▶ Exercise goal:
Begin your copy at the line that holds "samsung a35 cover" and carry it through the final line of the data, writing out each line exactly and omitting pictures.

▶ Recorded data:
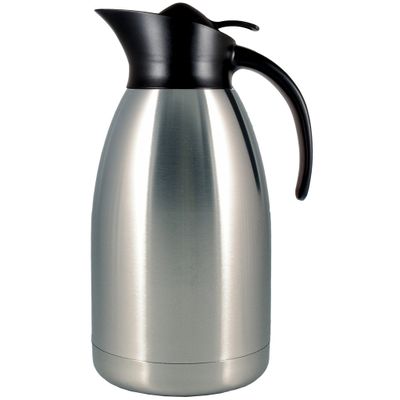 Buffé Ståltermoskanna 2,0l Borstad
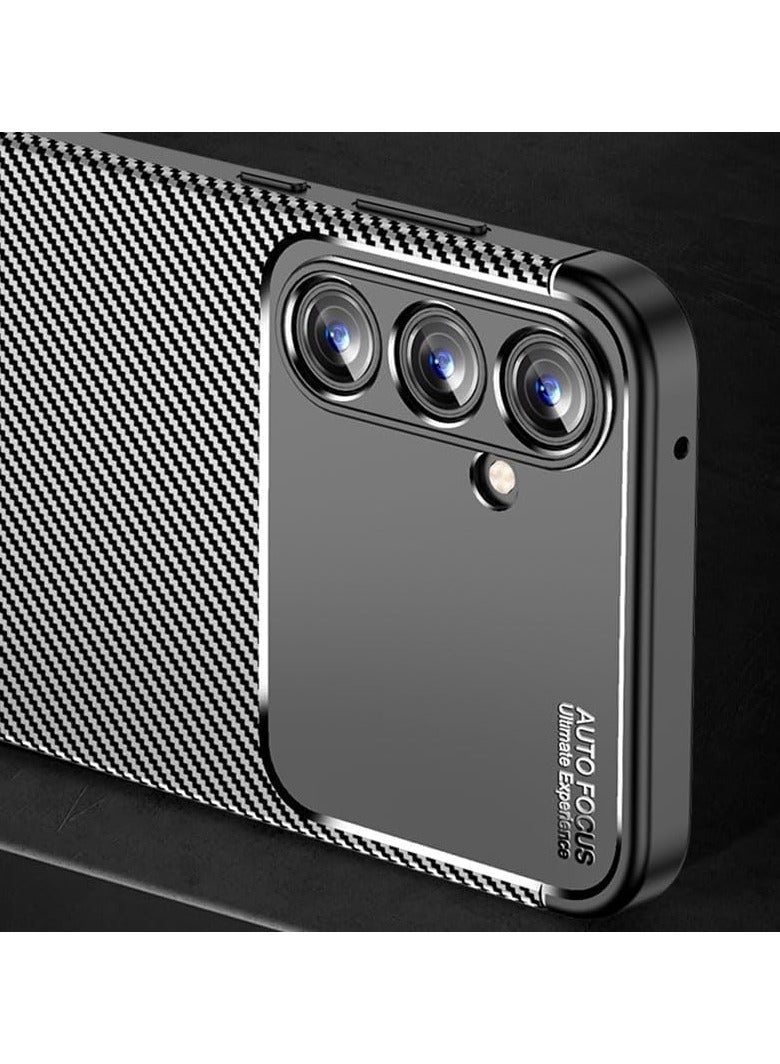 samsung a35 cover Carbon Fiber Shockproof Full Protection case for samsung a35 - Image 4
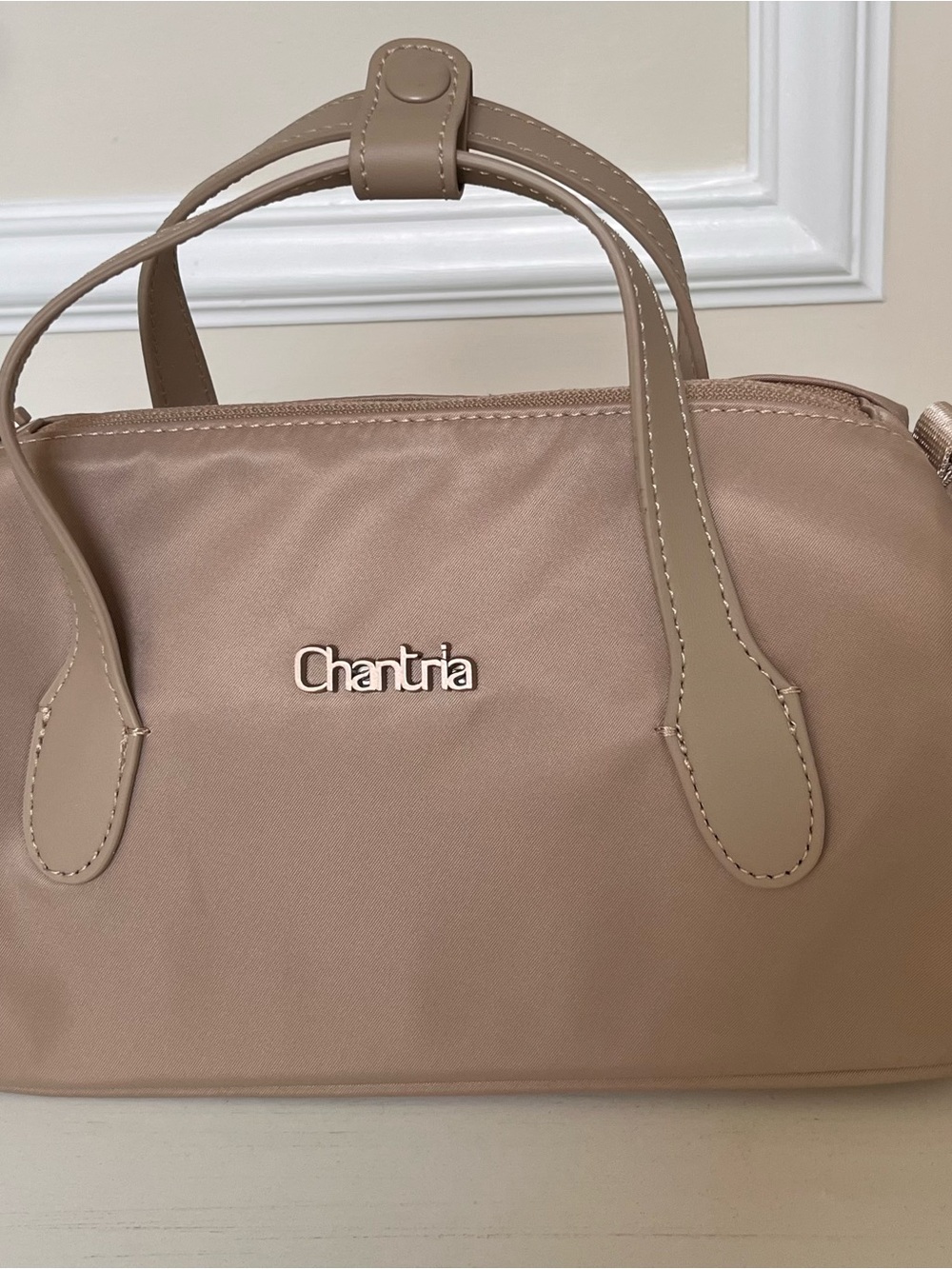 Women's Satchel Bag in Taupe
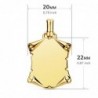 18K PERGAMINO LISO BRILLO PAPIRO. 22 X 20 MM
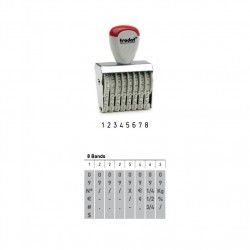 Classic Numberer Stamp 1548, 4mm, 8 Bands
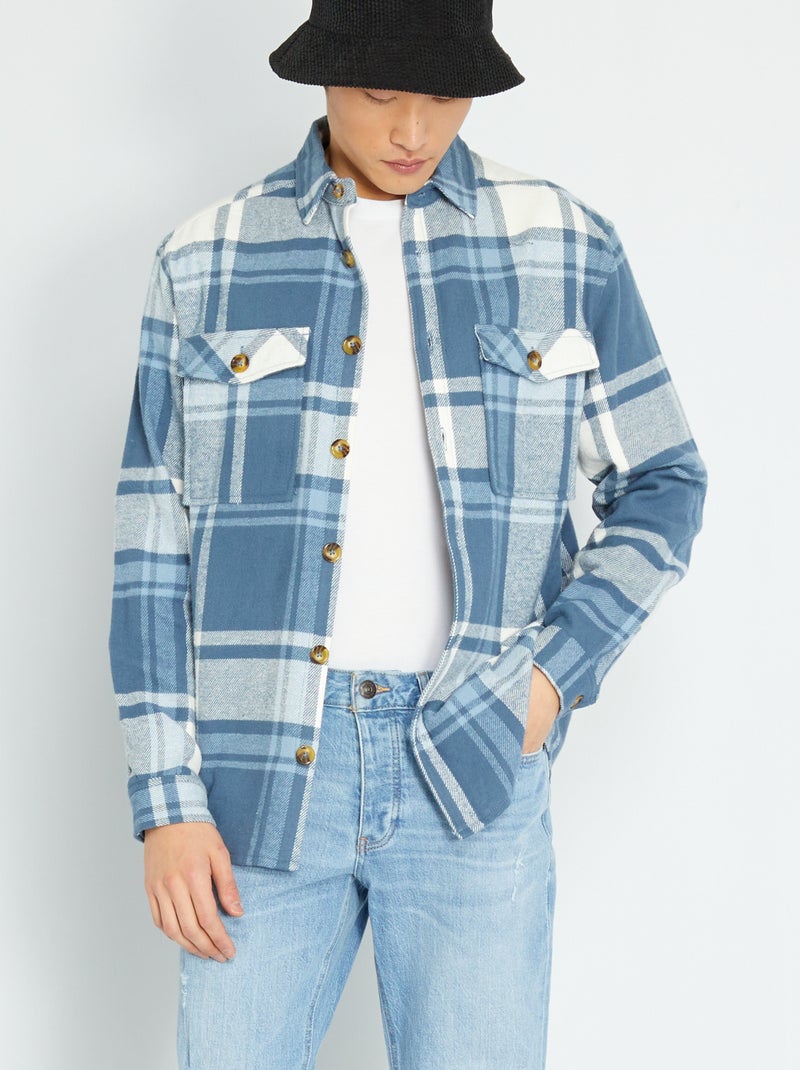 Geruit overhemd BLAUW - Kiabi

▶ The answer:
 samsung a35 cover Carbon Fiber Shockproof Full Protection case for samsung a35 - Image 4
 Women's Satchel Bag in Taupe
 18K PERGAMINO LISO BRILLO PAPIRO. 22 X 20 MM
 Classic Numberer Stamp 1548, 4mm, 8 Bands
 Geruit overhemd BLAUW - Kiabi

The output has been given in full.